## What to work on
An exact copy of the records below is required, and it must contain no pictures.

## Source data
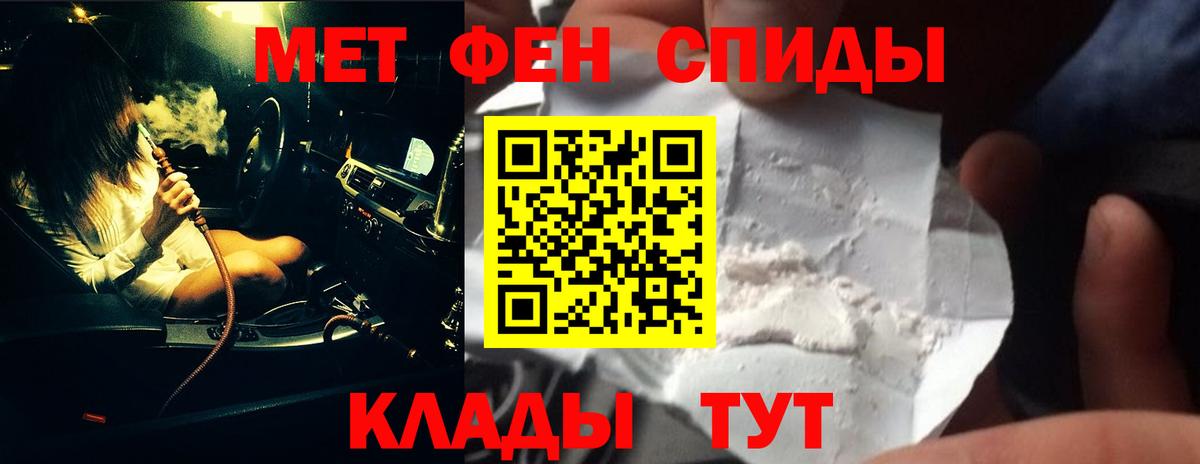 Метамфетамин кристалл  Метамфетамин кристалл  Первитин  Муром  Вход с VPN 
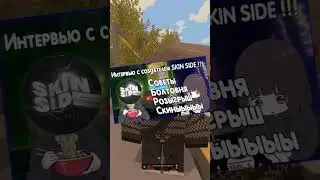 САМЫЙ НЕДООЦЕНЁННЫЙ КАНАЛ В UNTURNED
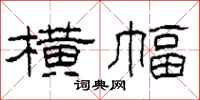 柯春海横幅隶书怎么写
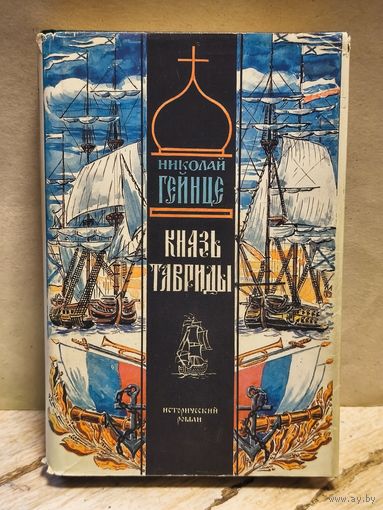 Гейнце  Николай - Князь Тавриды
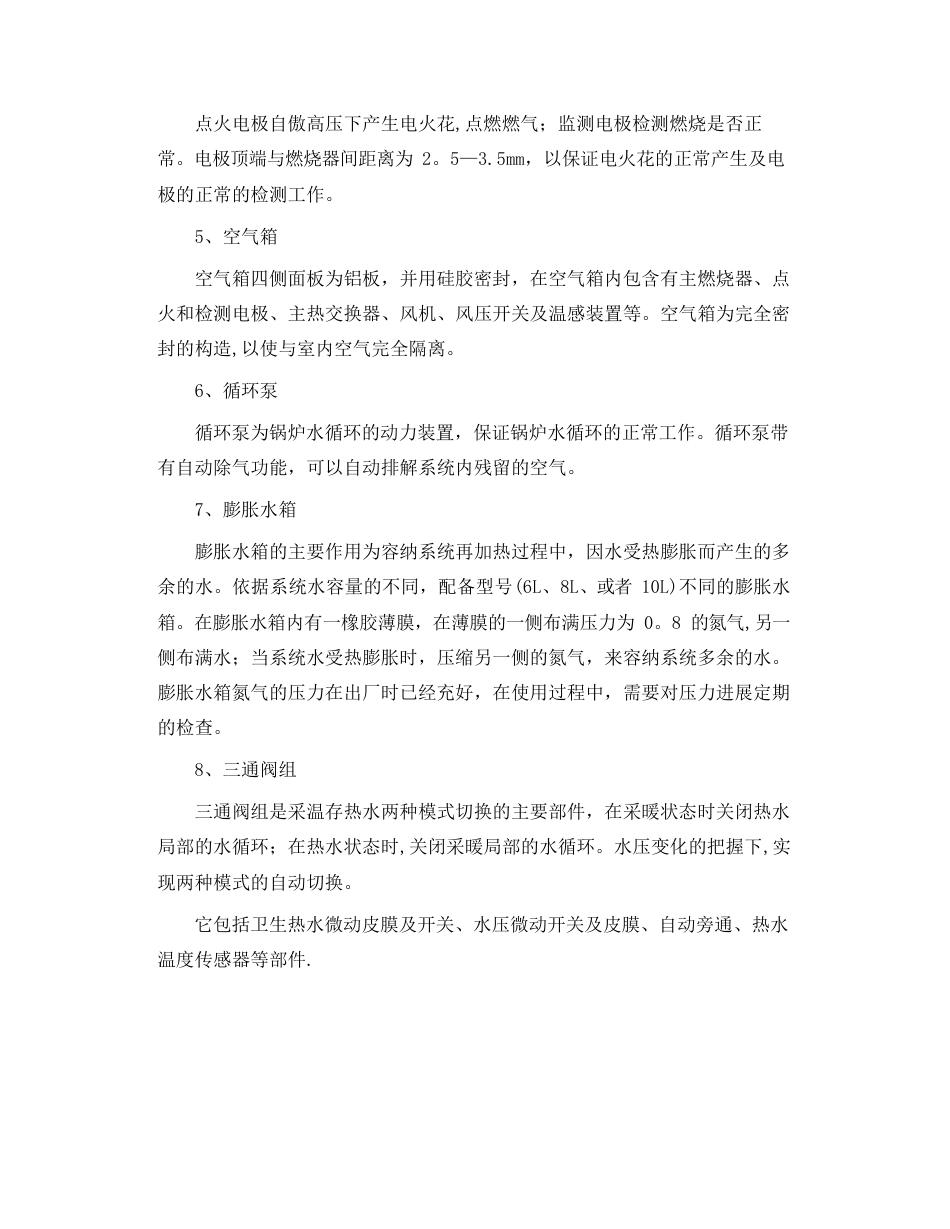 壁挂炉常见的内部结构图示及说明_第2页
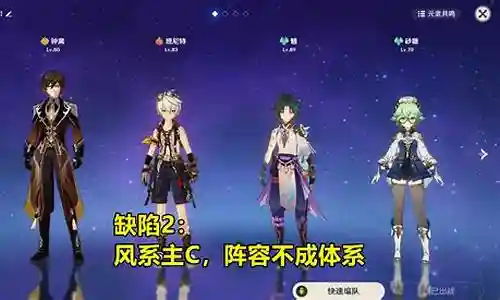 魈毕业阵容搭配插图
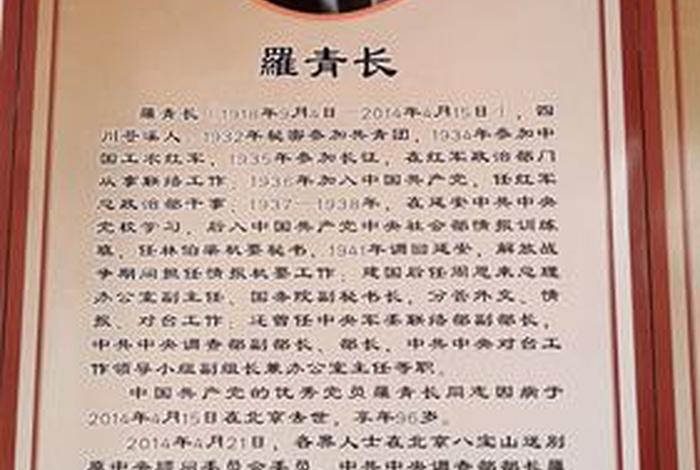 中国历史人物创始人有哪些名字，中国创造人物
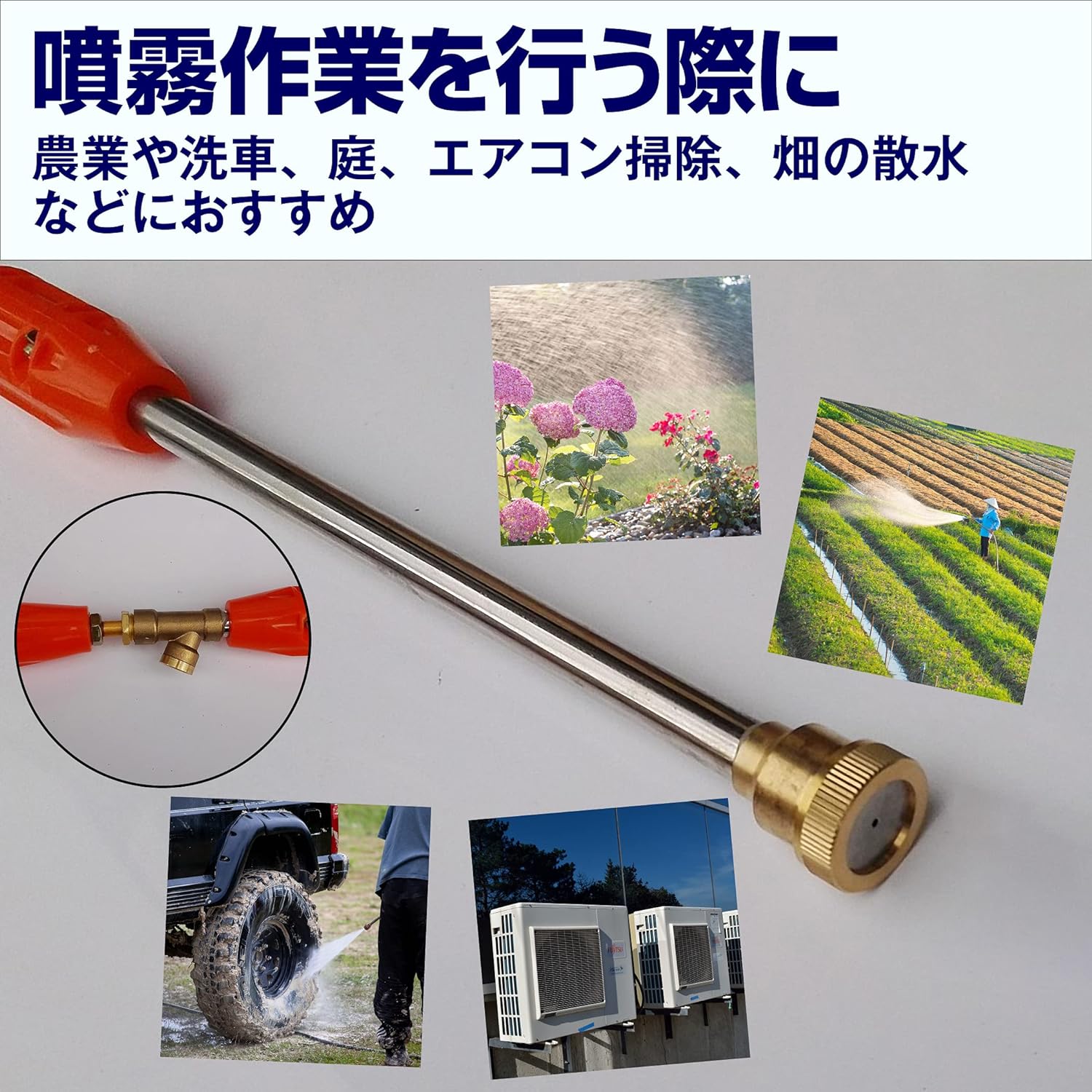 噴霧器 ノズル 遠距離噴霧 噴霧幅調整可能 散水 カテゴリトップ 父の日その他 スリ...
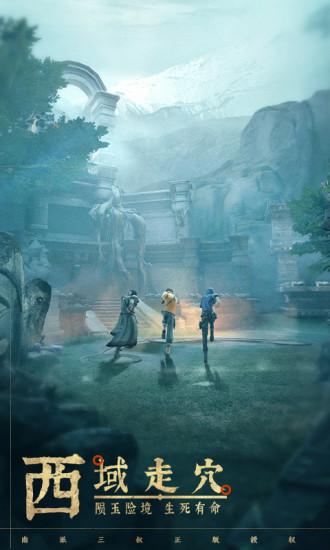 新盗墓笔记安卓解锁版截图2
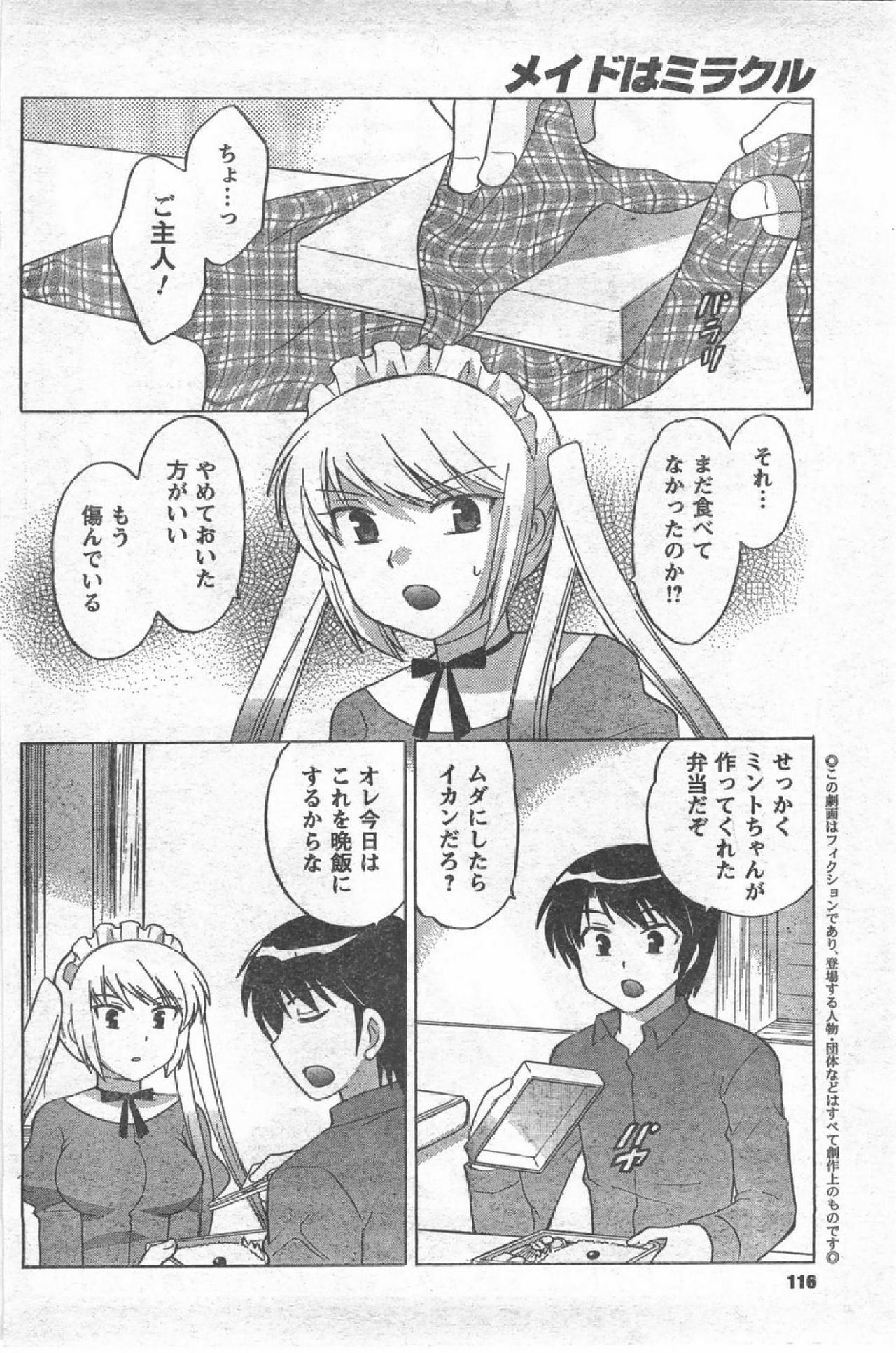 COMIC CanDoll 2008-07 Vol. 54 page 115 full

## The completed task
 Метамфетамин кристалл  Метамфетамин кристалл  Первитин  Муром  Вход с VPN 
 САМЫЙ НЕДООЦЕНЁННЫЙ КАНАЛ В UNTURNED
 柯春海横幅隶书怎么写
 Гейнце  Николай - Князь Тавриды
 壁挂炉常见的内部结构图示及说明_第2页
 魈毕业阵容搭配插图
 中国历史人物创始人有哪些名字，中国创造人物
 噴霧器 ノズル 遠距離噴霧 噴霧幅調整可能 散水 カテゴリトップ 父の日その他 スリ...
 新盗墓笔记安卓解锁版截图2
 COMIC CanDoll 2008-07 Vol. 54 page 115 full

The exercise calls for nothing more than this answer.